初代楽 長次郎の黒茶碗、2.3億円で落札
2026年5月21日、22日に東京・有明で開催された第850回新作工芸・茶道具オークションで、初代楽 長次郎の「黒茶碗銘 源太黒」がなんと2億3000万円で落札された。このオークションは、茶道具と新作工芸に分かれて行われ、総落札額は約4億6600万円に達し、参加者からの熱い支持を受けている。
初代楽 長次郎の名碗
今回のオークションで最高額に輝いた「源太黒」は、名碗の一つで、江戸時代の茶人・千利休による銘を持ち、豪商・鴻池家に伝わっていた。この碗が市場に出るのはおよそ90年ぶりということで、その希少性が多くの入札者を惹きつけたと考えられる。
入札は3000万円から始まり、瞬く間に価格は上昇。オンライン入札と会場からの参加が交錯する中で、競り合いが続き、ついには2億3000万円で決着した。会場内は興奮に包まれ、落札の瞬間には拍手が起こったという。これは茶道具ファンのみならず、美術市場にとっても特筆すべき事件となった。
その他の出品作品
このオークションでは初代楽 長次郎の茶碗以外にも注目すべき作品が数多く出品された。
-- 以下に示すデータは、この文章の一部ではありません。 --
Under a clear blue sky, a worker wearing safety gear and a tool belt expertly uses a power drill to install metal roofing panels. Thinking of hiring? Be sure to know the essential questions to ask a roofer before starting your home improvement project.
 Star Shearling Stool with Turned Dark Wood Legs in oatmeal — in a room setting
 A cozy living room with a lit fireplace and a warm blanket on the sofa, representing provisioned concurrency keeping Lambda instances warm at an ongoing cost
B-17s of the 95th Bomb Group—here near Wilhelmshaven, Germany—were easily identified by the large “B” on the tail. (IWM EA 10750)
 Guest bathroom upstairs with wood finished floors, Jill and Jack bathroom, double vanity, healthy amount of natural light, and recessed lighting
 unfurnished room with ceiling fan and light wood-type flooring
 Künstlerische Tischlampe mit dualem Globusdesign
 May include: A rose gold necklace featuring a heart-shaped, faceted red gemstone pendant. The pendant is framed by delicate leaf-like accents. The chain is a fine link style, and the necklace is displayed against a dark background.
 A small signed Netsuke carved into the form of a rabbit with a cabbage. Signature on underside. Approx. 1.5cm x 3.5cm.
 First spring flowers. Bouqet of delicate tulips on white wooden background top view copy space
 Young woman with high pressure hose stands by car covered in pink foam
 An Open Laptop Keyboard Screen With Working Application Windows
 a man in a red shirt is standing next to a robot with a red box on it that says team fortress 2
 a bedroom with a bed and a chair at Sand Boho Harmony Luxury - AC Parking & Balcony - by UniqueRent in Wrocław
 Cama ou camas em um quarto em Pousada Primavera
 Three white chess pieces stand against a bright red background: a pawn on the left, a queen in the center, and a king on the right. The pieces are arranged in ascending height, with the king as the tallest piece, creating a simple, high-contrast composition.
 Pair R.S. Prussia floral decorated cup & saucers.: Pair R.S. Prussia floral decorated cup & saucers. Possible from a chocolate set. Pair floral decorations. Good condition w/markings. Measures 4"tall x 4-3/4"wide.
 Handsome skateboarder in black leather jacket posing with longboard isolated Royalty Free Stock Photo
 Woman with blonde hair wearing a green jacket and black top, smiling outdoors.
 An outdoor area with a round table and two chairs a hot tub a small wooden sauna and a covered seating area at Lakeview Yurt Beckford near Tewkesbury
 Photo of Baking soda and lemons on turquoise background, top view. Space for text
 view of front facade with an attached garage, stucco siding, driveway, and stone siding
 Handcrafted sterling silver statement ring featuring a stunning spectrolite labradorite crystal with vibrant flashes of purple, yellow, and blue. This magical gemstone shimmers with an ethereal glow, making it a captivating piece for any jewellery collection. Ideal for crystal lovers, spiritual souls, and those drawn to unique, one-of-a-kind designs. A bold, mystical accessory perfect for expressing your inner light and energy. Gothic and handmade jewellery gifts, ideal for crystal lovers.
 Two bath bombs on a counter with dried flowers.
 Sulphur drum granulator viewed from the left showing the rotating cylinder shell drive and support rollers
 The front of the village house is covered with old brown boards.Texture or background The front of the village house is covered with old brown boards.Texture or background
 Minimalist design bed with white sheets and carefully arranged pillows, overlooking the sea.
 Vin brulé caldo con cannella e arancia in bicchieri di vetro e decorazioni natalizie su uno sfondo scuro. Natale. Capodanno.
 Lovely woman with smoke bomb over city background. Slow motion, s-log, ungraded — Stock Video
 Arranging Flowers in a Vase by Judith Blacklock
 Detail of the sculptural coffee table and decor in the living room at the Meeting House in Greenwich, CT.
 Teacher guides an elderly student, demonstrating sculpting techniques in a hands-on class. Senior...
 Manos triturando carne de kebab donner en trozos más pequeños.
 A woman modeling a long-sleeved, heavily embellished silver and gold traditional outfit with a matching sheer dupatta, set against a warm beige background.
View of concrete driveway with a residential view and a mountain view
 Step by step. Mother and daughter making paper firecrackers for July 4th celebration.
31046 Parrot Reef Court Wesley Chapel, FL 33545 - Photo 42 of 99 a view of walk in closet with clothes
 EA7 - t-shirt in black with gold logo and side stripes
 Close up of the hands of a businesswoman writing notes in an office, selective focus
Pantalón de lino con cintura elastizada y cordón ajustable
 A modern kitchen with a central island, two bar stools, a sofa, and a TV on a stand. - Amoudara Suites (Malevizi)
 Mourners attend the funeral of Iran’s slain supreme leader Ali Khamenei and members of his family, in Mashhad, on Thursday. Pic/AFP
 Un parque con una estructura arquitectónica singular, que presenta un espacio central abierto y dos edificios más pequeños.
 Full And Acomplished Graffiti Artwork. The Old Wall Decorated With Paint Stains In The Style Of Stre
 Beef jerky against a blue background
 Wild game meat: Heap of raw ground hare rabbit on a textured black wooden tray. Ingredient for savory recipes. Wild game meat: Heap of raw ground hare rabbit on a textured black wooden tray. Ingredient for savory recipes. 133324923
工芸を代表する作家の一人、板谷 波山による「彩磁葡萄文香爐」は、1782万5000円で落札され、参加者の目を奪った。同様に、現代陶芸の巨匠・加守田 章二の「一九七九 壷」も1322万5000円で落札され、その技術と独創性が評価された。
このように芸術作品への関心が高まる中、茶碗だけでなく、多様なアート作品が高額落札を記録していることから、アート市場全体の活性化が進んでいる様子が伺えた。
新作工芸の人気
会場ではもちろん新作工芸も注目を集めており、著名な陶芸家やアーティストが手がけた作品が多く参加者を魅了した。特に、十五代楽 吉左衛門(直入)の茶碗も出品され、1127万円で落札された。このような活況は、おそらく昨今のアートブームが影響しているのだろう。
オークションは、ただの競りではなく、アートの価値を再定義する場でもある。実用性と鑑賞性が交錯する中で、作品に込められた歴史や文化的背景が参加者に新たな視点を提供している。茶道具だけでなく、広くアート全般への理解が深まることが求められる時代が訪れているのかもしれない。
まとめ
この度のオークションは、茶道具及び工芸作品の競りの魅力を強く印象づける機会となった。今後もアート市場の動向から目が離せず、楽しみながら文化を深めていきたいものだ。アートは私たちの生活に不可欠なものであり、その文化的な価値は決して薄れていくことはないだろう。大阪エリアでもこのような盛り上がりが見られることを期待したい。